Exercise prompt:
This exercise requires an exact output of the listing, images omitted.
Supplied material Block Start
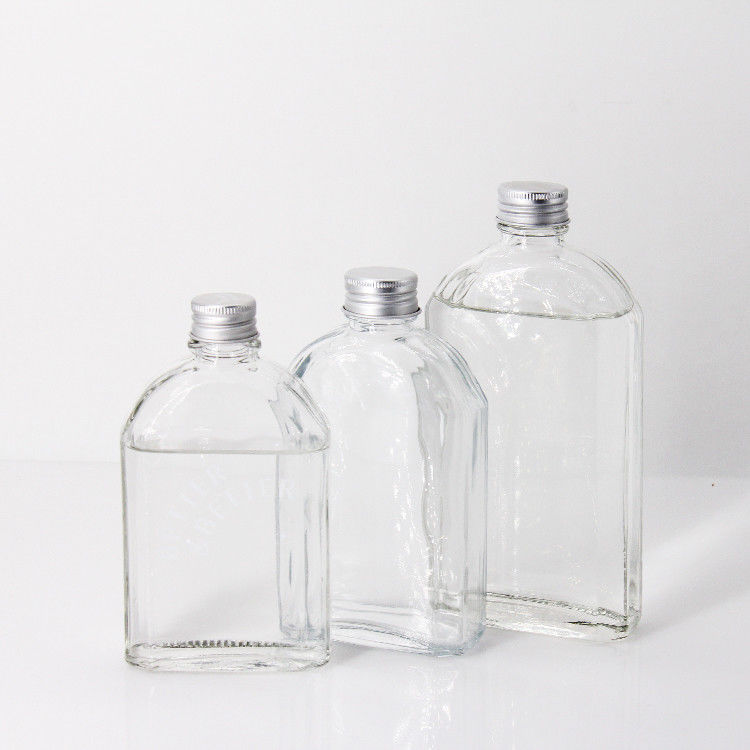 Novo design 200ml 250ml 300ml Transparente Liquor Glass Flat Bottle com tampa de parafuso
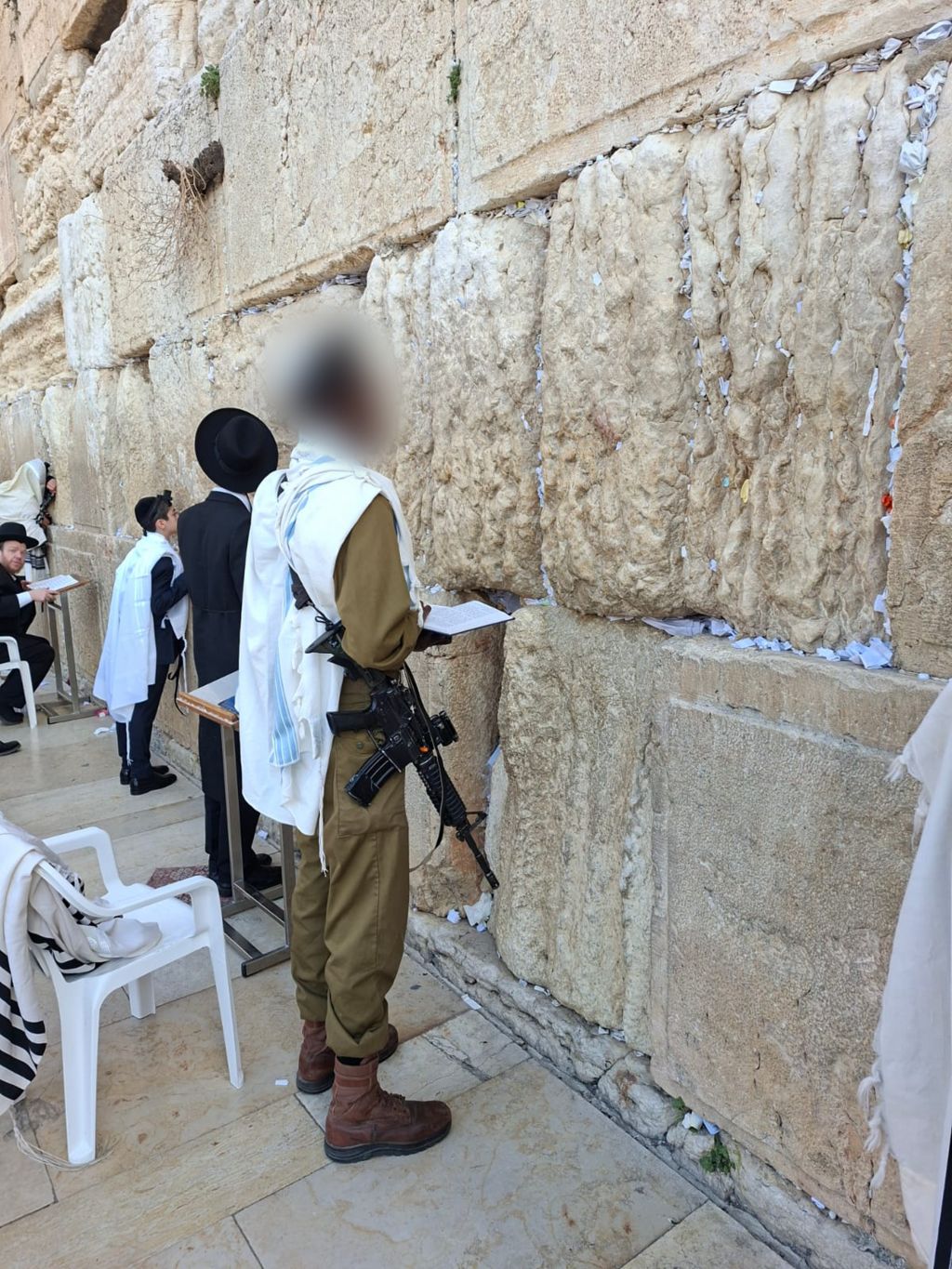B. prays at the Western Wall (Photo: Big Brother for Lone Soldiers) ב' נושא תפילה בכותל המערבי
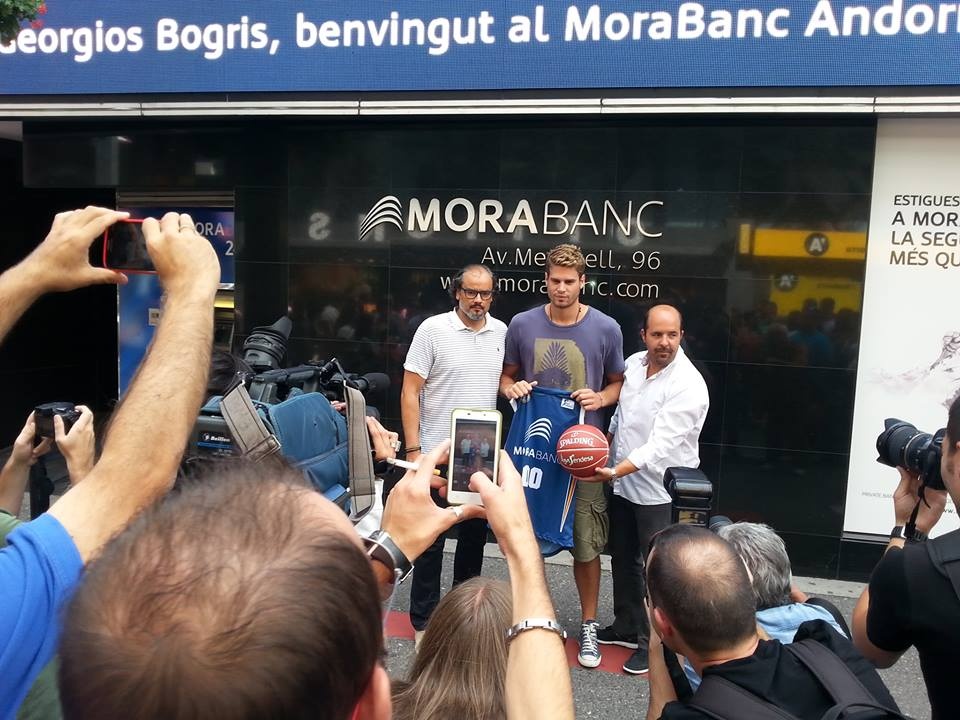 Ανδόρα: Η παρουσίαση του Μπόγρη (photos+video)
Supplied material Block End
Solution to this problem:
 Novo design 200ml 250ml 300ml Transparente Liquor Glass Flat Bottle com tampa de parafuso
B. prays at the Western Wall (Photo: Big Brother for Lone Soldiers) ב' נושא תפילה בכותל המערבי
 Ανδόρα: Η παρουσίαση του Μπόγρη (photos+video)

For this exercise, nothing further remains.